#### [Task to carry out]
Copy out the lines beginning at the one with "Семпъл модел плетена" and ending at the last line of the data, both included; pictures stay out.
>>
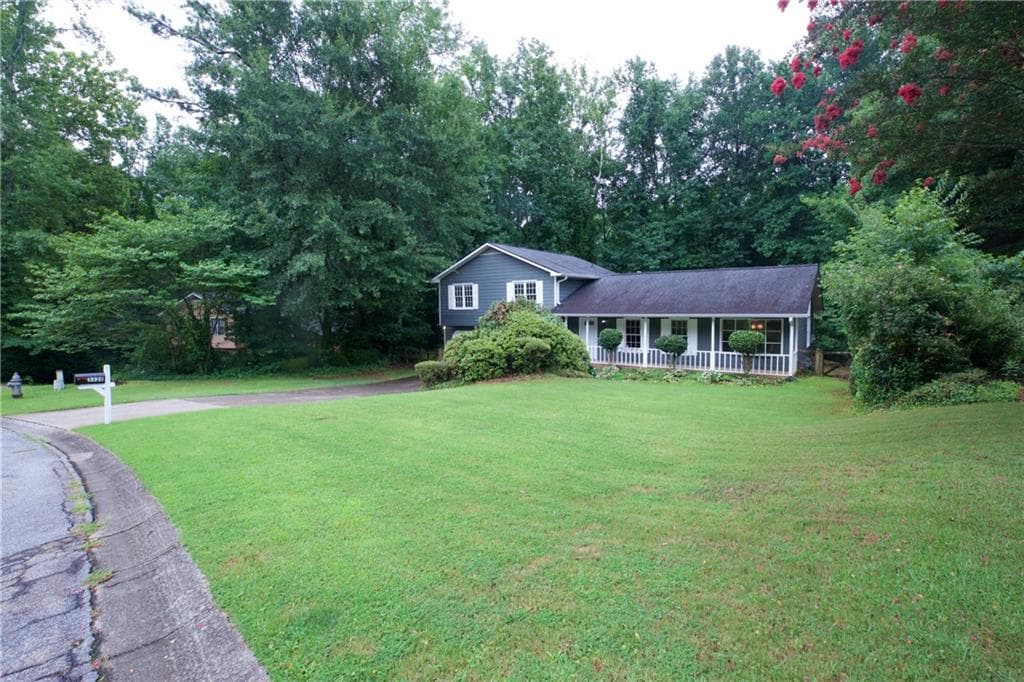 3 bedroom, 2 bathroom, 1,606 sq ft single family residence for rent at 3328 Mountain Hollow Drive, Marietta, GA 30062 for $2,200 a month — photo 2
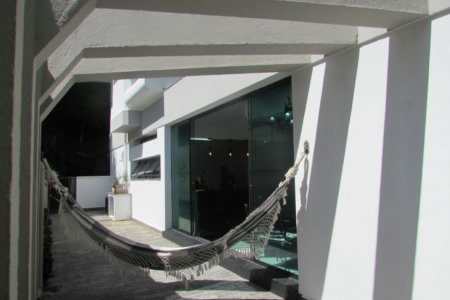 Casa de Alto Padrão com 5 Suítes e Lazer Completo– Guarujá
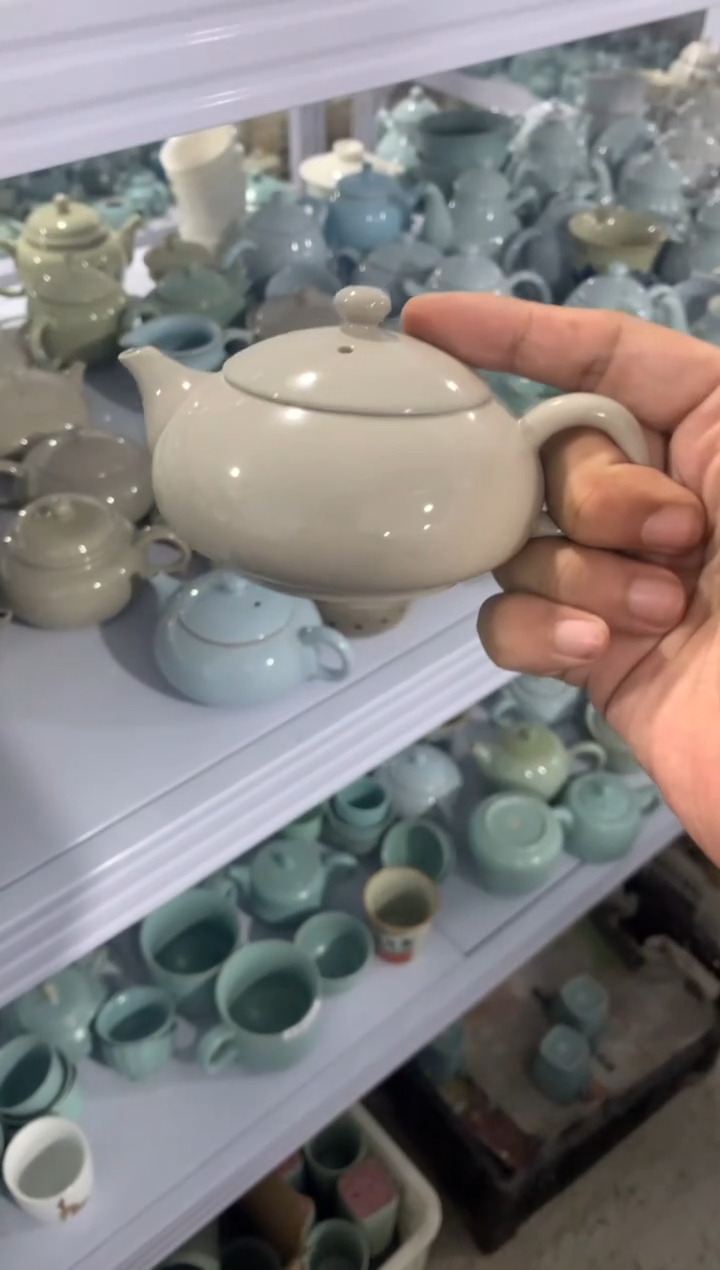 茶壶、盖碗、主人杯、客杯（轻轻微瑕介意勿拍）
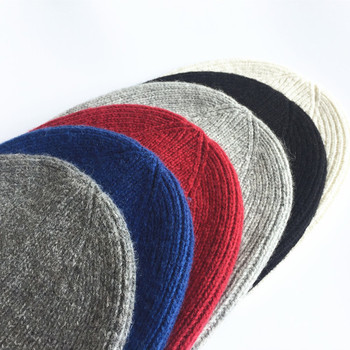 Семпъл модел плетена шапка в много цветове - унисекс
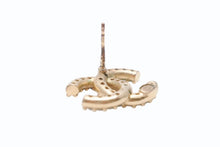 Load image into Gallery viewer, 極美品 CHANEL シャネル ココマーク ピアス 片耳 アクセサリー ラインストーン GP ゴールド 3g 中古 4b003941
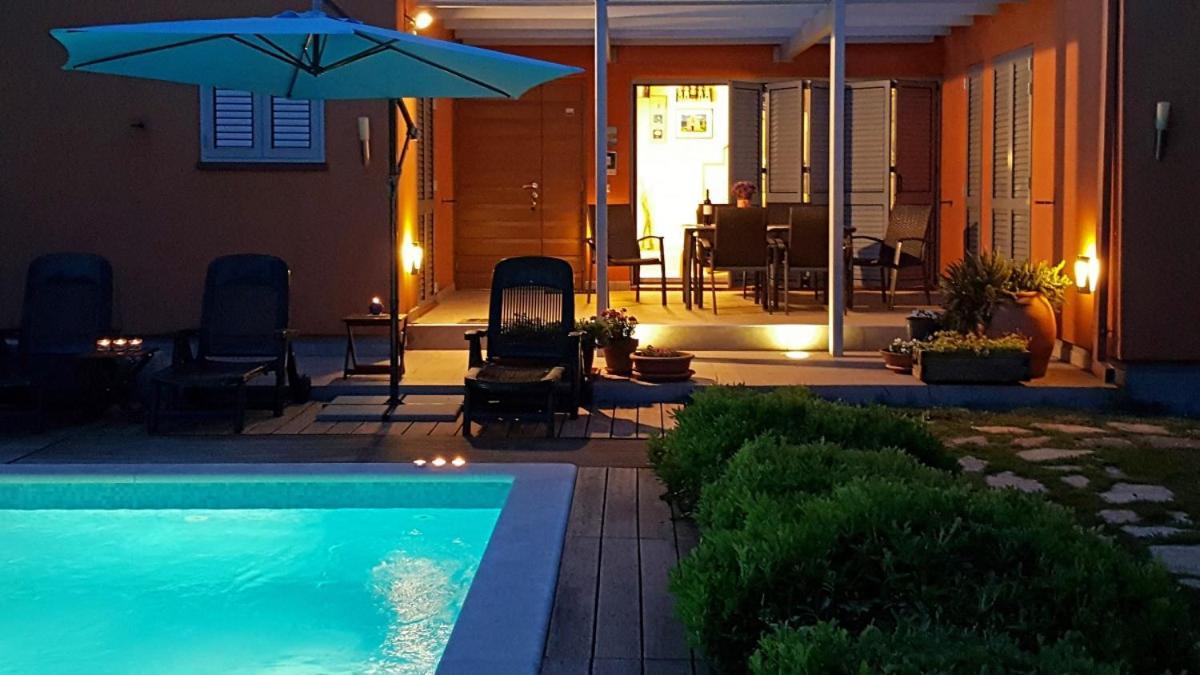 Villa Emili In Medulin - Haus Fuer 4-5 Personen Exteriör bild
<<
#### [Answer for the task]
 Семпъл модел плетена шапка в много цветове - унисекс
 Load image into Gallery viewer, 極美品 CHANEL シャネル ココマーク ピアス 片耳 アクセサリー ラインストーン GP ゴールド 3g 中古 4b003941
 Villa Emili In Medulin - Haus Fuer 4-5 Personen Exteriör bild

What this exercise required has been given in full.